Provided records |
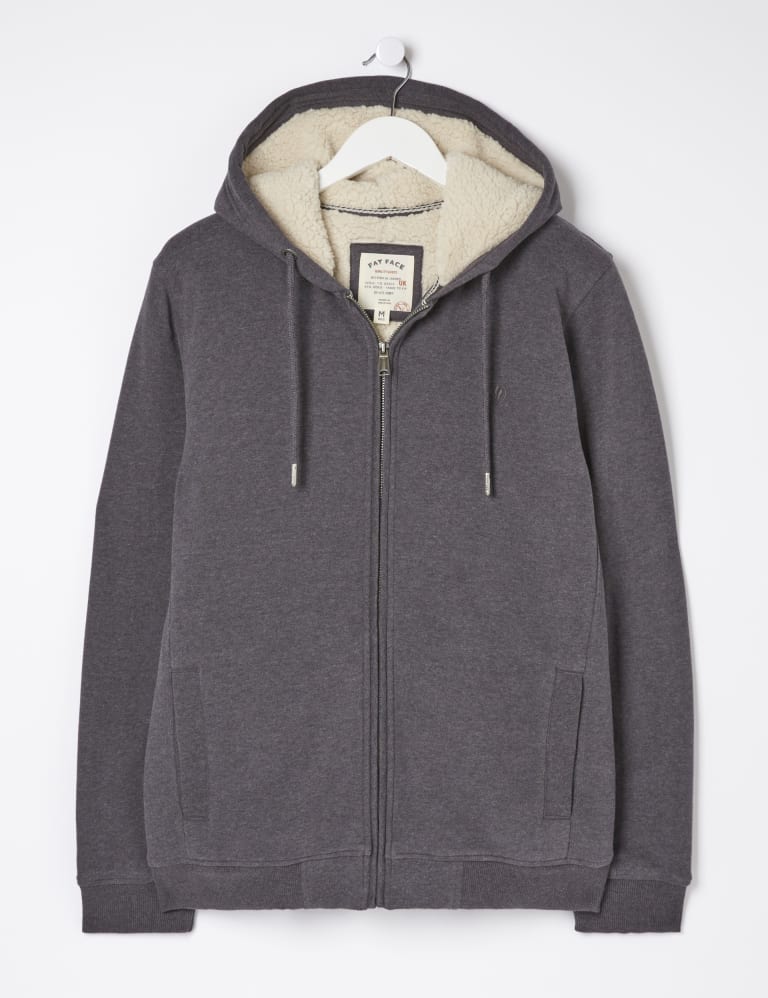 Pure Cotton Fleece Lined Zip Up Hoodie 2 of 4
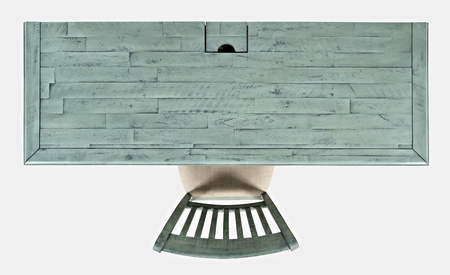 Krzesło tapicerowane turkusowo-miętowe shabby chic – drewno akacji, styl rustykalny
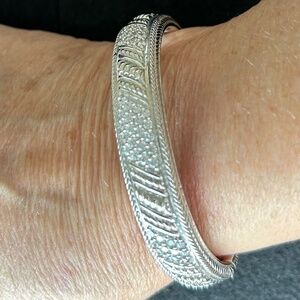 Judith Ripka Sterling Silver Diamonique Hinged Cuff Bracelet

---

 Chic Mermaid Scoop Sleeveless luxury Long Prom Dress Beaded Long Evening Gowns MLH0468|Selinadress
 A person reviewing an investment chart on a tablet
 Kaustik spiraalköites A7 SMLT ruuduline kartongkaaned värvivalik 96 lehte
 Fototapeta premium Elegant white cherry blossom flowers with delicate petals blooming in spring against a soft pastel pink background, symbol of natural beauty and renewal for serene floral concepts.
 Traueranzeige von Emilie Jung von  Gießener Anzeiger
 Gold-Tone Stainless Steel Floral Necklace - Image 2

---

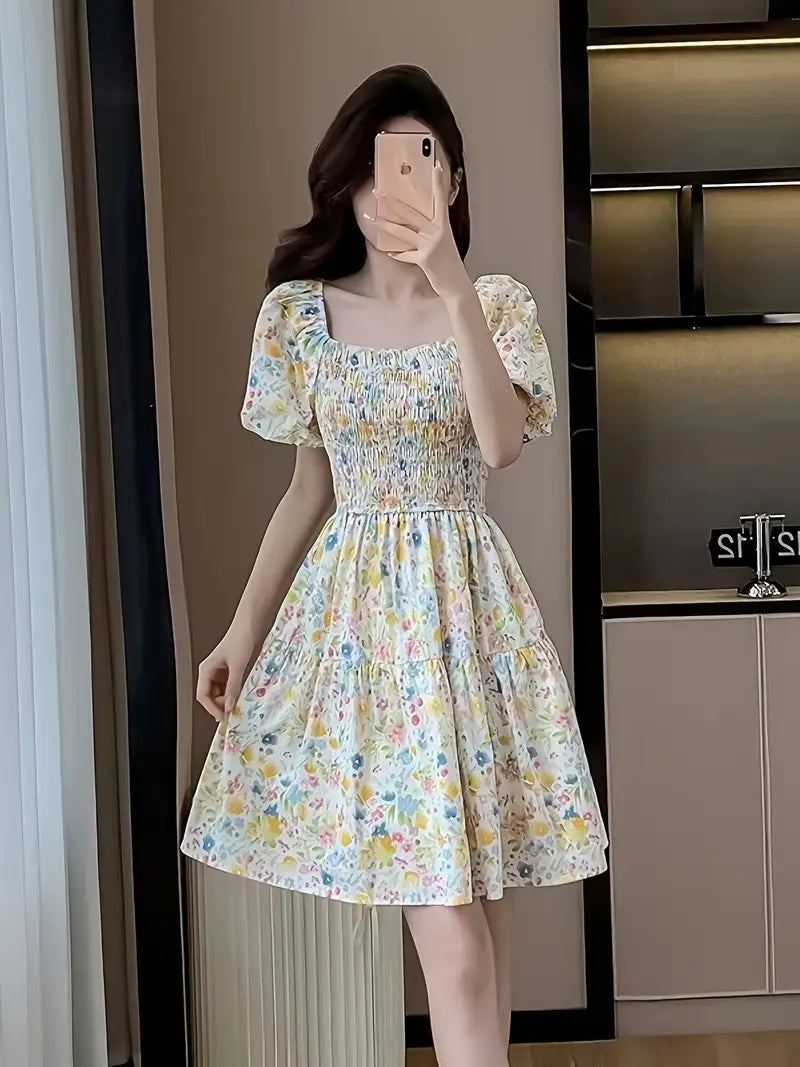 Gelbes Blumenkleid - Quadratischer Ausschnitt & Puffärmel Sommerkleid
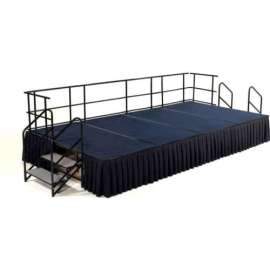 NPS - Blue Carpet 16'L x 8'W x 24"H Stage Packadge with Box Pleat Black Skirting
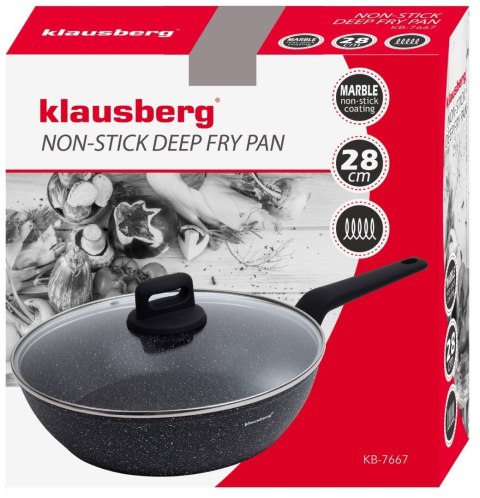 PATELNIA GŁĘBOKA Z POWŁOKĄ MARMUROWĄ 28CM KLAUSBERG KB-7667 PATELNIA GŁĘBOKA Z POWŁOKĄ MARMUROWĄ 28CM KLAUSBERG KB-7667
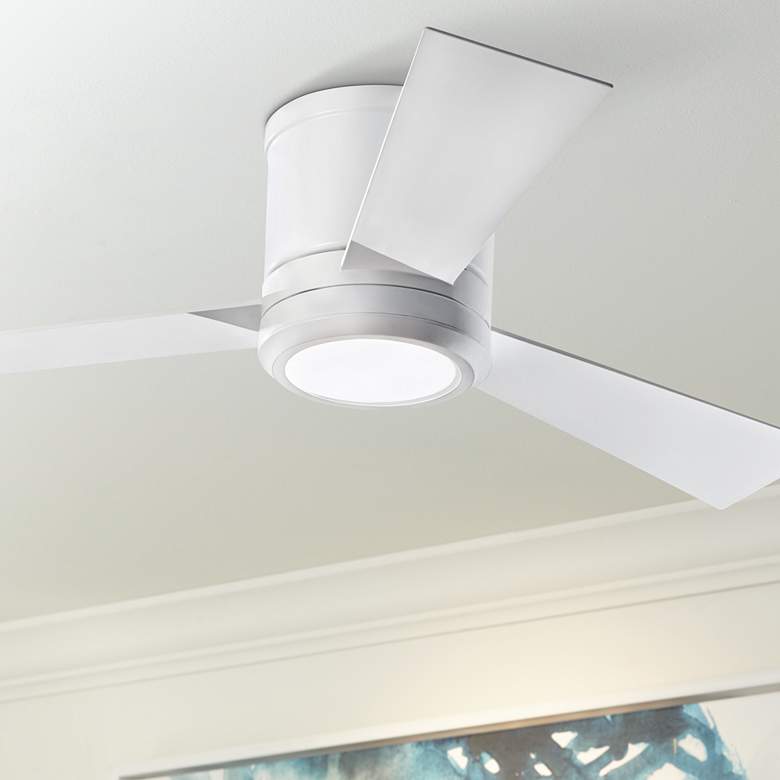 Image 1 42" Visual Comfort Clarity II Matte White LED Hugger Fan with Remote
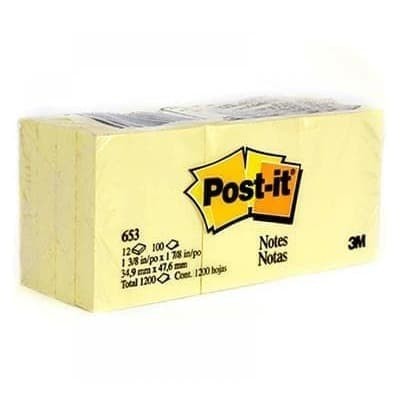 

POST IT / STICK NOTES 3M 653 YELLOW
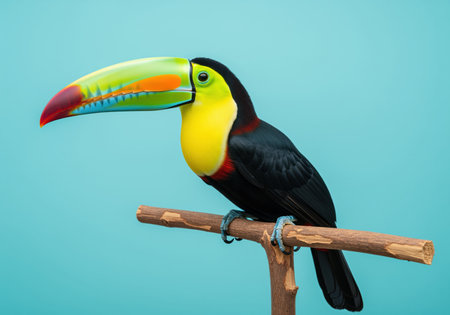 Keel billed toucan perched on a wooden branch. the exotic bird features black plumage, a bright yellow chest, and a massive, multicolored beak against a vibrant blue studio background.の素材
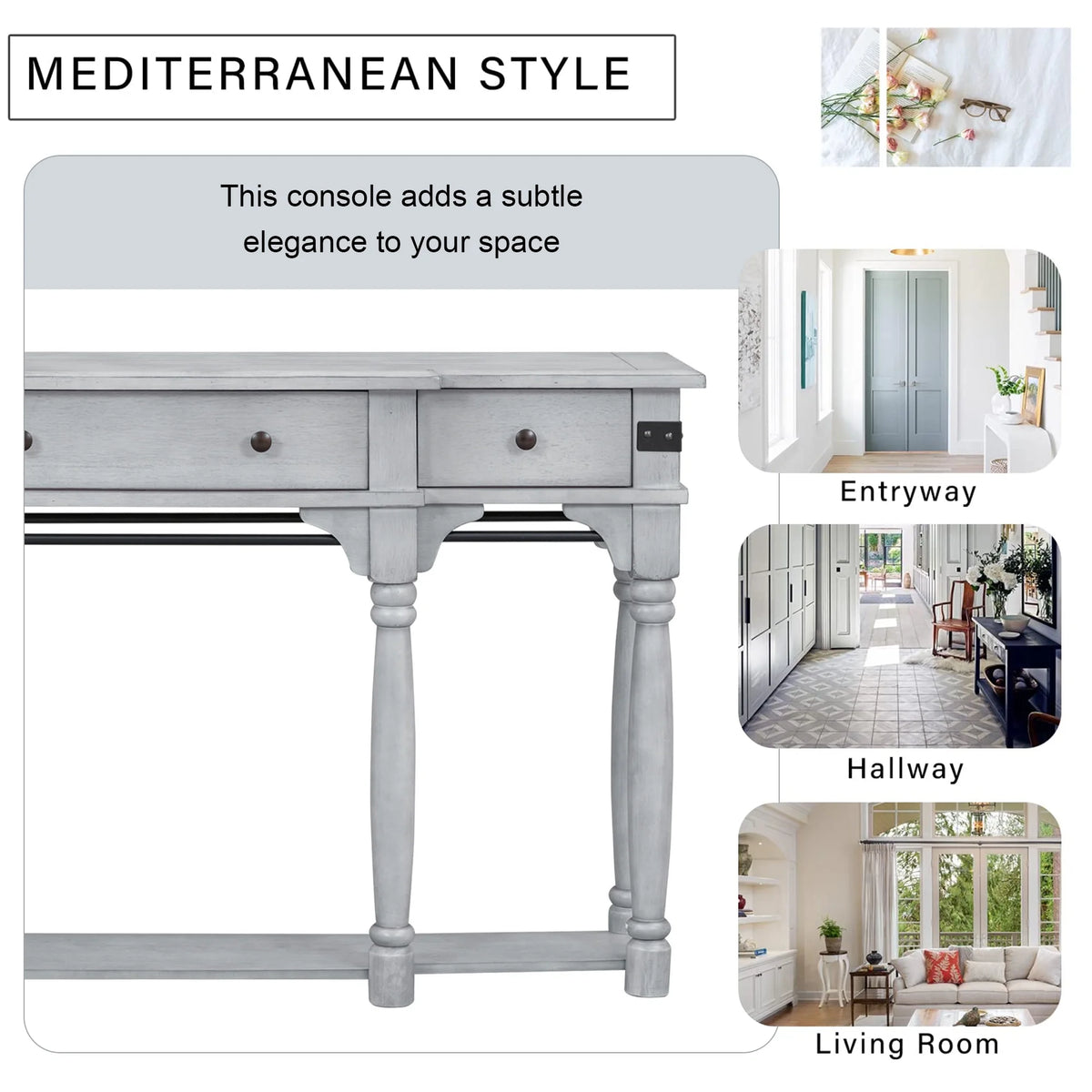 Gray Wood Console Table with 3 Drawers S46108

Task item |
Give again, word for word, every line of the listing above from the one with "Chic Mermaid Scoop" to the one with "Gold-Tone Stainless Steel", both inclusive, and nothing beyond them.

Solution |
 Chic Mermaid Scoop Sleeveless luxury Long Prom Dress Beaded Long Evening Gowns MLH0468|Selinadress
 A person reviewing an investment chart on a tablet
 Kaustik spiraalköites A7 SMLT ruuduline kartongkaaned värvivalik 96 lehte
 Fototapeta premium Elegant white cherry blossom flowers with delicate petals blooming in spring against a soft pastel pink background, symbol of natural beauty and renewal for serene floral concepts.
 Traueranzeige von Emilie Jung von  Gießener Anzeiger
 Gold-Tone Stainless Steel Floral Necklace - Image 2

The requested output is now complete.